Land also is expensive. An acre of land in Oxnard could cost from $370,000 inland to $1.7 million along the beach, said Ralf Moll, president of the Oxnard Harbor Board of Realtors.

“I can’t imagine there’d be much of a market for this sort of thing,” he said.

This is a fact that Jack Duffy, public works director for Port Hueneme, knows all too well. He watched three years ago as Port Hueneme demolished 19 duplexes that it failed to sell at auction after buying the land on which they sat for a road-widening project. The city, which had hoped to save the considerable cost of demolishing the duplexes, was able to sell only four--and those at the bargain-basement price of $500 each.

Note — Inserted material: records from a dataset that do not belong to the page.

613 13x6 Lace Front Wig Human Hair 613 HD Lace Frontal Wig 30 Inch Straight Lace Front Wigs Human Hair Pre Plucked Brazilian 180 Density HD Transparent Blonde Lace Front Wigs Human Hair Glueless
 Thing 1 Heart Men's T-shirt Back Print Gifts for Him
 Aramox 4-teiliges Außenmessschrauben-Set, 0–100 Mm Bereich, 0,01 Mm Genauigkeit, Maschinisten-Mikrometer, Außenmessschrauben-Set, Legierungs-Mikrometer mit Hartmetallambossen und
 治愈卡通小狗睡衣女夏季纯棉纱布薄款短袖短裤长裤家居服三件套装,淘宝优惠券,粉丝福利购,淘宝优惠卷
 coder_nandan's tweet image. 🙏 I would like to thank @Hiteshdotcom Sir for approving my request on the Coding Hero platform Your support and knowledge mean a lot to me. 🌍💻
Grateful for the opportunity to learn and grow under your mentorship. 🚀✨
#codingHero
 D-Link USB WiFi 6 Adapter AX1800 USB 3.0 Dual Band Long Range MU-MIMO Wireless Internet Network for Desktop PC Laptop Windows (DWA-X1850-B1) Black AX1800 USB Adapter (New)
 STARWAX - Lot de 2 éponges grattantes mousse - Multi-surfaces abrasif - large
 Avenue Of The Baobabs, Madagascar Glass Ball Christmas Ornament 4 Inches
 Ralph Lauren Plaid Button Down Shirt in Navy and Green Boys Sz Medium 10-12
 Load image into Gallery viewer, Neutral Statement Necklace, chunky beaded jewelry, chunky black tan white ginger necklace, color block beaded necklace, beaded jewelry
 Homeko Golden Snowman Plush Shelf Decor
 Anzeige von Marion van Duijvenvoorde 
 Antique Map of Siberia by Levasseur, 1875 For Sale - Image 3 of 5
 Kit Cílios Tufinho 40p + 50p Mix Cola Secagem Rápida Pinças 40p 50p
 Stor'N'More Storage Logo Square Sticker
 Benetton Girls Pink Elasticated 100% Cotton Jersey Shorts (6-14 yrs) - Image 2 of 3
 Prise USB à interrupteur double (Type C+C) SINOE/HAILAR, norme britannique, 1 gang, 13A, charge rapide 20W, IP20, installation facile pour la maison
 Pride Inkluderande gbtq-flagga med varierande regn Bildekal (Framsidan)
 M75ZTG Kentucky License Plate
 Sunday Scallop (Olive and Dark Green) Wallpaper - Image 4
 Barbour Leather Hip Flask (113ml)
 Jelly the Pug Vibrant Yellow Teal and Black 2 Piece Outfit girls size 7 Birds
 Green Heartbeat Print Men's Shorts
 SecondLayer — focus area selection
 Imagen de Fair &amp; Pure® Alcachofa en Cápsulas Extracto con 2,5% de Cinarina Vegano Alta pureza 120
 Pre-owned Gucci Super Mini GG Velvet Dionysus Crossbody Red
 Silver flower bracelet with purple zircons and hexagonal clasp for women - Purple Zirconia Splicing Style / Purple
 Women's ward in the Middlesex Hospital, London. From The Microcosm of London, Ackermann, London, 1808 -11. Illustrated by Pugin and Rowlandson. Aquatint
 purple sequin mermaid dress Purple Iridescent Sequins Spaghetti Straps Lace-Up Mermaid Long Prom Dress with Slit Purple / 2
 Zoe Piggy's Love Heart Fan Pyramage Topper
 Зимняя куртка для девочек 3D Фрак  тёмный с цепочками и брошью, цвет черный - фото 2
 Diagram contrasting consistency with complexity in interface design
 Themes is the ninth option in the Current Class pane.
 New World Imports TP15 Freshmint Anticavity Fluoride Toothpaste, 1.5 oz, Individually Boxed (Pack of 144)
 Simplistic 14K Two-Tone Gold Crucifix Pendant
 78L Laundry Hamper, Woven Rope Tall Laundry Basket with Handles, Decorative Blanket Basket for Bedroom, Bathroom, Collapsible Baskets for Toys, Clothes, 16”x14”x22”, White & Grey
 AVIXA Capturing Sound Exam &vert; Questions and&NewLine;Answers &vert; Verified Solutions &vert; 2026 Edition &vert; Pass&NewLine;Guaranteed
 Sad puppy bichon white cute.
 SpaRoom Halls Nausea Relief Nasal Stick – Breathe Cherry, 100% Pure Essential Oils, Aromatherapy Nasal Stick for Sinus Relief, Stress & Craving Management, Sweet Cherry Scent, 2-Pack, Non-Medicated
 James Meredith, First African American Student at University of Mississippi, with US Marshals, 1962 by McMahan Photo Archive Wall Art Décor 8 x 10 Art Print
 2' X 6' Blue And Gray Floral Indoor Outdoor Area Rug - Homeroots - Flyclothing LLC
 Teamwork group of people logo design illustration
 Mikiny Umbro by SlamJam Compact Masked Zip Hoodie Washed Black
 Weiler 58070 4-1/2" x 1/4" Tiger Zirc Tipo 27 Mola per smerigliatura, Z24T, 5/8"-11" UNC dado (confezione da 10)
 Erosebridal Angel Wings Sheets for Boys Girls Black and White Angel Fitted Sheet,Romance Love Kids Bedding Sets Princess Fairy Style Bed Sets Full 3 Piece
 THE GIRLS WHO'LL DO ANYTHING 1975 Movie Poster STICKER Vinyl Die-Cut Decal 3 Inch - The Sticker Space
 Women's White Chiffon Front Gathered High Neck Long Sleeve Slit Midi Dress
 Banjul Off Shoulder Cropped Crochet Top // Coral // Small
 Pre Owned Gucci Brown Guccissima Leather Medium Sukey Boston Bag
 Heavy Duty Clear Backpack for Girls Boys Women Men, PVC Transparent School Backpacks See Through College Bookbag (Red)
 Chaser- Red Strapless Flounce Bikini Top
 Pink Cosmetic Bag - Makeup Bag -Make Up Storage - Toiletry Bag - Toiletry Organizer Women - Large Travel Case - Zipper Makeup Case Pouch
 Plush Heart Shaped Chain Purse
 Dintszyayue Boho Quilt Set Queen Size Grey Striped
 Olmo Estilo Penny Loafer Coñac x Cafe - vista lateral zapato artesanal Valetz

“It’s almost as cheap to build from scratch,” he said.

Construction Methods

The problem is compounded by modern construction, which places houses on concrete slabs, instead of balancing them on pilings at the structure’s corners. That makes newer houses, such as Collett’s, more difficult and expensive to move, Kay said.

“You have to break it loose from the concrete,” he said, adding that pipes, fixtures and electrical wiring usually must be replaced.

Also unclear is how a mover would negotiate the Conejo Grade. Arnie Corlin, a Tarzana-based broker for relocatable houses, said state officials will not allow house movers to travel along freeways or Pacific Coast Highway, the only routes from Westlake Village to Oxnard.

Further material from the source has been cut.